Jim Andris, Sept. 17, 2003.
Annual History of Jim Andris, 2010
(Please note that clicking on any of the pictures in this newsletter will give you a much larger image.)
After many mild winters, St. Louis has received blowing snow and frigid temperatures this Dec. 12. With a fire in the fireplace, a half-finished jigsaw puzzle on the card table, and only a year more to go on my counted cross-stitch tree skirt, it seems a perfect time to begin this year's autobiographical entry. I have been writing these annual letters since 1972, and they have been on the internet for about 10 years now. This year I began a new project—I am scanning most of my old slides and photos into the computer, and I am slowly illustrating all of these old online letters with snapshots of the past. You, my friend, may find yourself in these epistles. (So far, I have updated the entries from 1972 to 1977 with photos, hope to do all in the next year.)
Let's work backwards this year. The Monday of my birthday week, I received a paella kit from brother Tom, complete with authentic Valencian paprika, saffron and vino rioja. I jokingly e-mailed him to drop by on Friday night to share some of the meal. He did, driving 550 miles to do so. We had a great time reminiscing, mildly carousing, and entertaining, because he made a huge batch of his famous "Old Pete's Spaghetti Sauce," which we shared with Fritzi and Bill Baker. Tom even got to perform his songs at the Venice Café open mike session on Monday before returning to Marietta and his grand daughters.
Stephen seems to be coming back to at least some of his normal activities after a year of hell. The bungled hip operation of 2009 has resulted in a total of three operations, a too-short leg and a life-sentence of antibiotic treatment.
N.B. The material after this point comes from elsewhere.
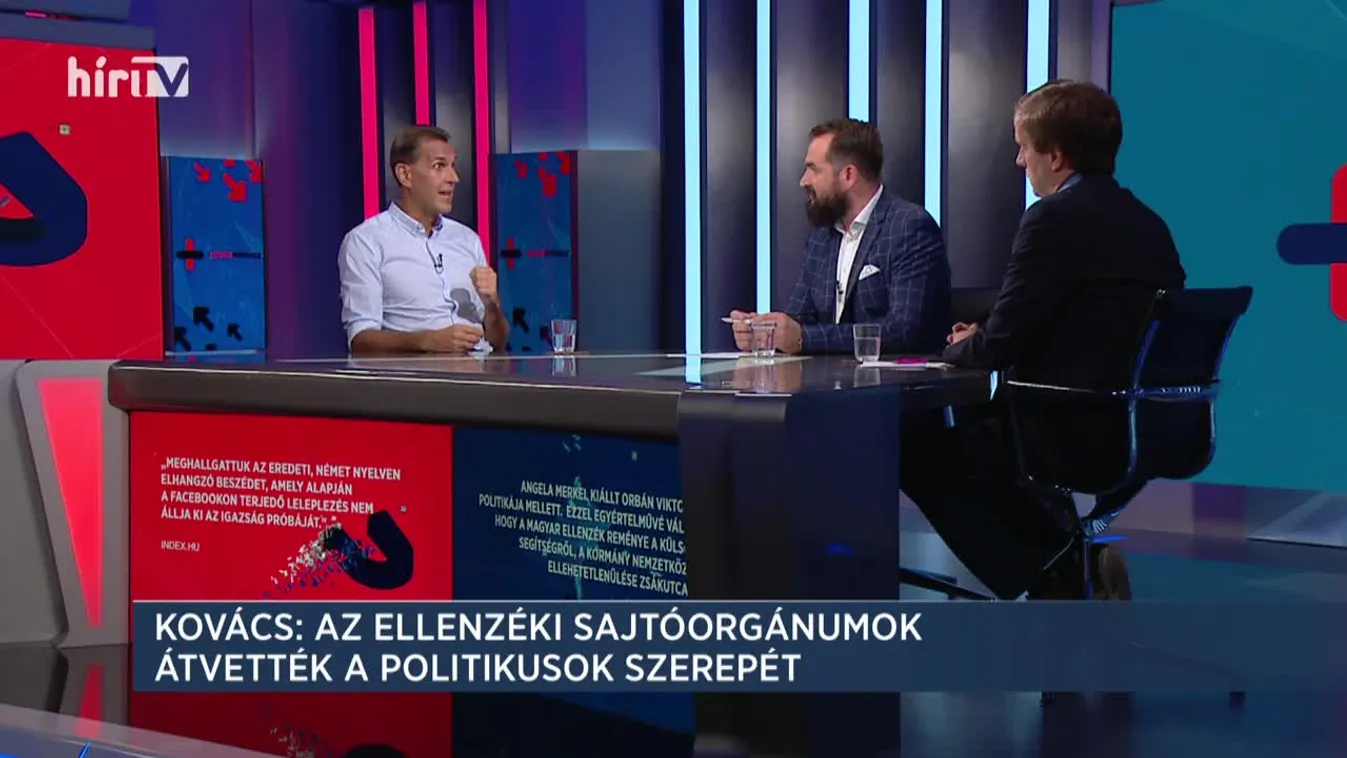 Plusz-mínusz: A német politika elmozdult Magyarország és a Közép-Európai térség esetében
His recovery has been a rollercoaster ride. Still, he is back singing in the Trinity choir, fussing over the indoor and outdoor birds, and doing his version of the laundry: Stephen's Laundry Reality Show. We had Brian back in November to renovate the laundry room next to the bathroom. You may remember that starting in January of 2010, I painted the walls of the newly renovated bathroom which Lorene's gift of inheritance enabled me to have done. Now I get to start 2011 painting the laundry room walls. But hey, 72 years old and painting 12' walls; I can't complain. (Stephen can, however.)
We did have a tough year, but we had love and support, too. My dear friend, Rosanda, called nearly every day to be sure that I was "behaving," and to connive with Stephen about how to "improve" me. Very hard to improve something nearly perfect, though. And Rosanda arranged to have a birthday reunion of most of the Ragtime Rascals who cheered me on so faithfully for a decade of decadent singing and playing at Dressel's Café. (Three of us are Sagittarians.) I didn't take pictures at the reunion, but this picture from the Summer of 2004 has always been one of my favorites of Mary, Colleen, Rosanda, Lynn and Judy, clockwise from lower left.
I had lots of good visits from old friends this year. The Breiters from La Crosse, WI, were here for a short week in September. They have a fine trick of letting us win the first game in a bridge rubber and then trouncing us for the other two (thinking we'll come back for more). Earlier in September, I had my high school and lifelong friend, Mariam Edgar, stay with us for a whole week. Mariam even joined us for our monthly duplicate bridge group, and we finally got to catch up and enjoy each other's company, like we used to for decades! Like many of my nearly lifelong friends, Mariam and I have always been there for each other, and I feel blessed to still have her in my life, even if only for one visit every ten years.
In August and in March, Stephanie, Dawn and Zander were here also for a whole week. We were hoping that they could make the move to St. Louis, and they did try, with the help of our great realtor, Joyce Daughaday. But in the end, Dawn wasn't able to even come close to matching the salary she has in Boston. So now they are moving to a more rural setting in Massachusetts, and Dawn is keeping her good position with Harvard Dental School.
Stephen also had some company in April. His sister, Janice, and his sister-in-law, Jackie, came and stayed for 7 days while I went home to Ohio. The picture shows Jackie and Janice displaying some gluten-free cupcakes made for Stephen. It was the first time I had been there since Mom died in January of 2009, and it felt good to be in my old home town. Most of the time, I stayed at sister Vicki's house, and became addicted to American Idol. Prince Poppycock did not win, however.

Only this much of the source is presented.